Are there any big differences about how one plays when starting this late? I fired up one game just to see, and found out:
  1. Everybody has all the religious techs, so nobody can found one. Religion (and the Apostolic Palace, yay!) are out of the game -- but so is Theocracy since without a state religion it's useless.
  2. At least at Noble, you start with 3 settlers on the same square, 3 riflemen, 2 workers, and 2 explorers. I imagine the settlers need to sit tight until you find some good sites, so only the first can settle quickly.
  3. I now understand that "available for free on XX or later starts" means your cities have those buildings immedately. I notice there are no free culture-generating buildings, so I imagine Library is a big priority!
Civilizations with late-game UU and UB include:
  • America: SEAL and Mall
  • Germany: Panzer and Assembly Plant
  • Russia: Cossack might obsolete relatively soon, but Research Institute might be good.
  • England: You'd have Redcoats right at the start! And Stock Exchange gives an extra 15% commerce over that of a bank (50%).
Anything else?

If I started at Renaissance instead, there's one fewer settler, and Gunpowder can be researched immediately -- so civs with gunpowder-based UUs could build them soon; in an Industrial start the Musketman replacements would be obsolete:
  • France: Musketeer. The Salon gives a free artist, which would help with border pops and a cultural VC.
  • Ethiopia. I've heard people rave over Oromos. The Stele would be obsolete.
  • Ottomans: Janissaries. The Hammam is free, and still gives +2 happy along with the +2 health.
 
I've played a few late start games and there are a few things that I have found:

1) Do your recon early using all the units that you have and pick city sites that have the important resources: iron, coal, oil, preferably 2 or 3 of corn, wheat, or rice, and some happy resources.

2) Caste system and Mercantilism early are really good since you can have really quick great people, especially with PHI leaders. Get a great engineer (to help with wonders), a great scientist for an academy, and a great artist for bombing.
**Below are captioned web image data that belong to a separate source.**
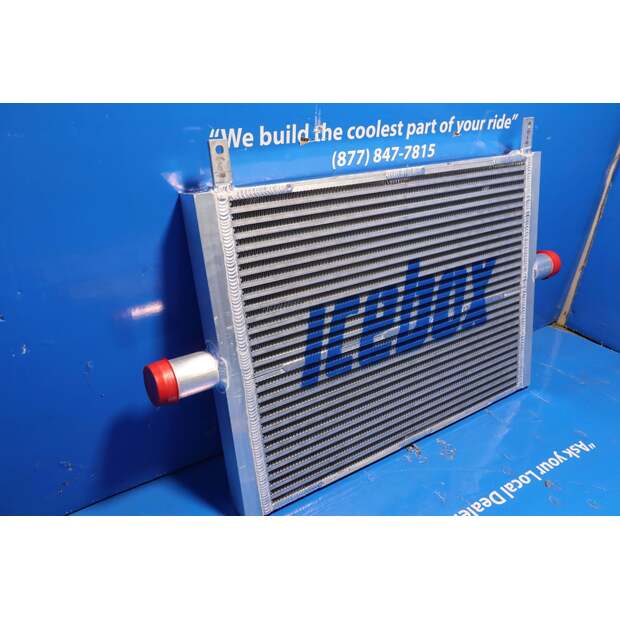 مبرد هواء الشحن يونيفرسال مستعملة-43378793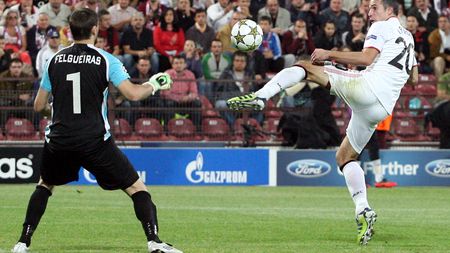 Van Persie nu va uita meciul de la Cluj:** "Când a ajuns mingea la el știam că va face asta! E cel mai frumos gol dat de mine aici"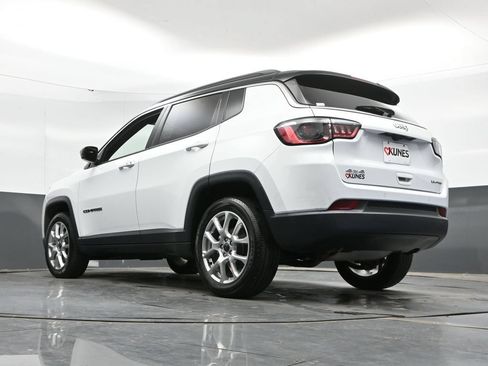 Used 2025 Jeep Compass Limited AWD/4WD image 46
Late start games are the only ones in which I find that a GA's culture bomb is really useful. Don't forget to change your civics on the very first turn!
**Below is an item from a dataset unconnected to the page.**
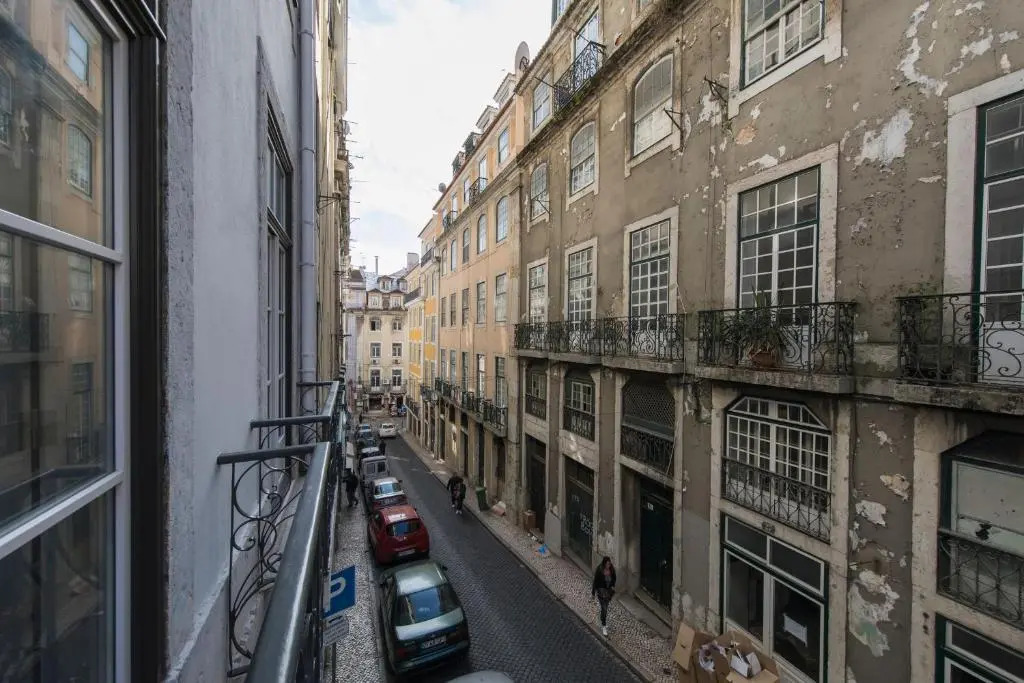 Lovelystay - Charming 3 Bedroom Wonder Downtown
3) Razing and re-settling cities is usually preferable to capturing them unless they have wonders or possible shrines. This way you don't have to rebuild the free buildings.

4) The race for wonders is especially intense early so pick your important ones carefully and build them ASAP, even using your GE.

NPM
 
I have done this many times. I usually use Germany on a Renasaise (spelling) start. This way I can get settled and have a good empire with large production by the time I hit Assembly Line. I then spam assembly plants and power and go straight for panzers. Then I steamroll the rest of the world and always destroy Shaka. (I had a bad experience with him once so I always put him in my games and I destroy him even if it means I lose the game. One time I lost because I spent so much time destroying him that I fell behind but it was worth it.)
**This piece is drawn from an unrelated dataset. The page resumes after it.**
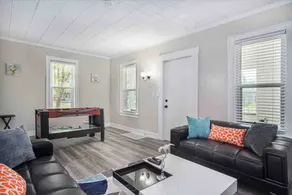 Bright Side Bungalow - Image 5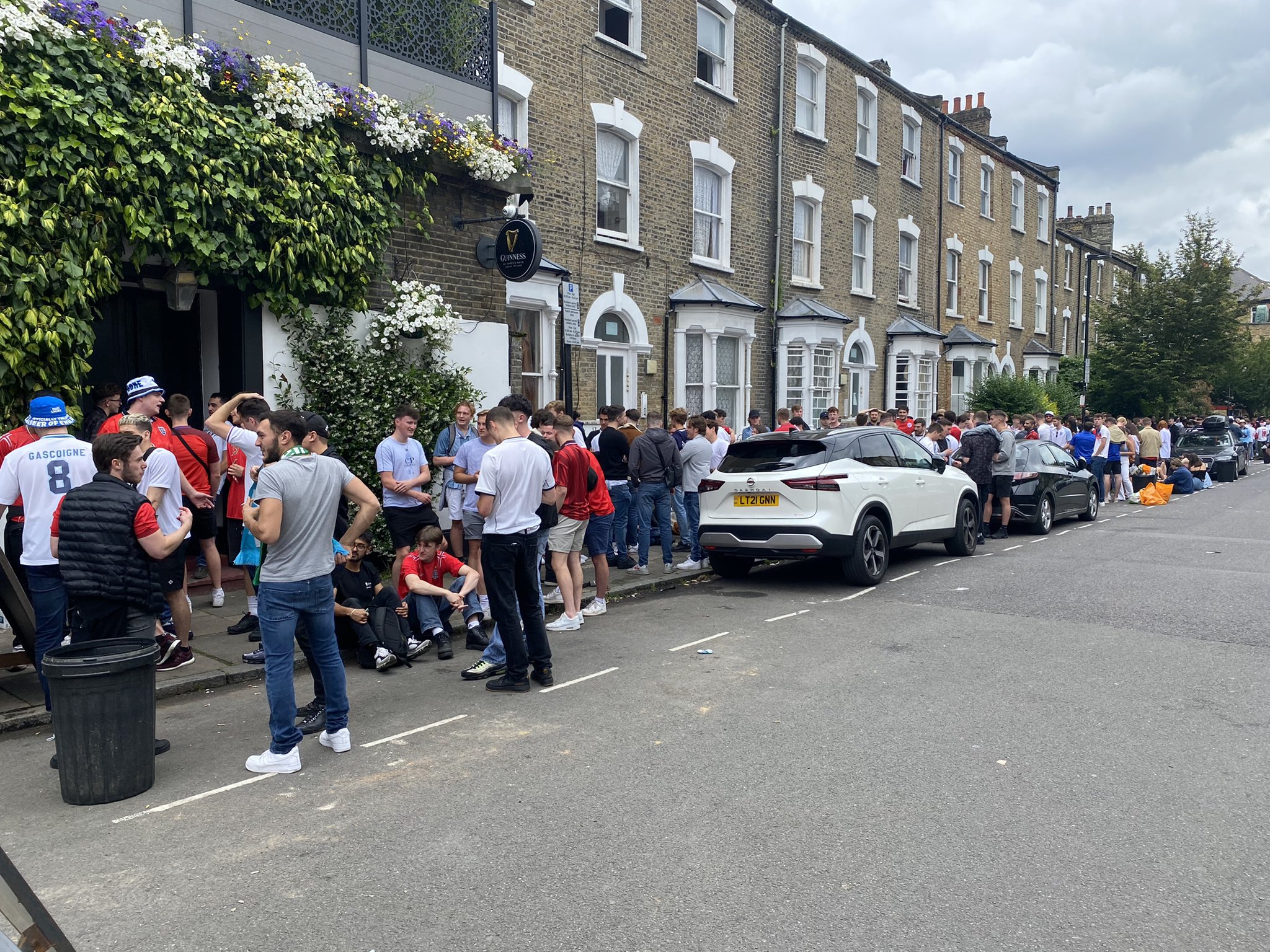 E6AnwXGXMAMh3ee?format=jpg&name=large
Also, the speed difference with marathon is important. I do not recommend doing this on normal because teh AI will destroy you on higher levels by getting everything good. Marathon or maybe epic is important.
 
played some renaissance starts lately, but with pericles. getting border pops is usually not the problem with caste system at start, but the fast library and university is nice, to get your science rolling. I found this is important because you need so much hammers for expansion (settlers are quite expensive).
Change all your civics right at start, so you get 3 or more turns to move your settlers around. Taking pacifism is nice together with merc, because an religion is nearly guaranteed (and you start with just a few troops, so low upkeep).
 
religions get randomly founded after a couple turns
not sure how they get distributed since I only tried it in 1v1
 
I've been figuring it's only fair to pick units with decent late-game UUs and UBs, but that removes some of the surprise factor. So, do you think a start with random opponents makes for a reasonably fair game? or are, say, the Egyptians, at a significant disadvantage? (War Chariot, long since obsolete, and Obelisk, obsolete after Astronomy, which is available soon after Renaissance start and already known with an Industrial start.)

BTW first game started, with Lincoln.
 
I made a few observations after terminating my first Renaissance start game. I'm replicating them here since they might be of general interest:

What I've learned:
  • If you have early access to iron and horses, your knights can stomp anybody on your continent. For a game to be any fun you have to limit how much of your opposition is on the same continent. Maybe I should try a Standard map with 3 continents? or an Islands map? After all, stomping somebody at the start is fun, even if you want to postpone most warring until your UU is available.
  • Tech rate is incredibly slow compared with what we're all used to at this point in history with an Ancient start. Don't go Epic like I did; things are already too slow to be fun.
  • Education is available right from the start. Go for one of the other techs, e.g. gunpowder, build libraries and run scientists for a GS, and bulb the sucker. After that you should be able to win the Liberalism race -- unless, of course, an AI had the same strategy; anybody know enough about how the AI strategizes in this game?
  • With less than 6 opponents it looks like you have a really good chance of having a religion in a few turns -- or two in my case on a Small map.
  • Run Mercantilism at the start so you can run one specialist per city immediately -- maybe a GS in one and a GE in the second? If you choose differently in each city you could time which one happened first by running the specialist you wanted first in a city built at least one turn before the other, or, if you somehow founded both in the same turn, run the "citizen" specialist in the lower-priority one for a single turn. Or, of course, multiple scientists after a library if that's the one you wanted first. If you want both, the GS is much easier to get "second" because you can run lots of scientists with libraries or Caste System.
  • Serfdom is definitely useful during the initial phase of infrastructure-building.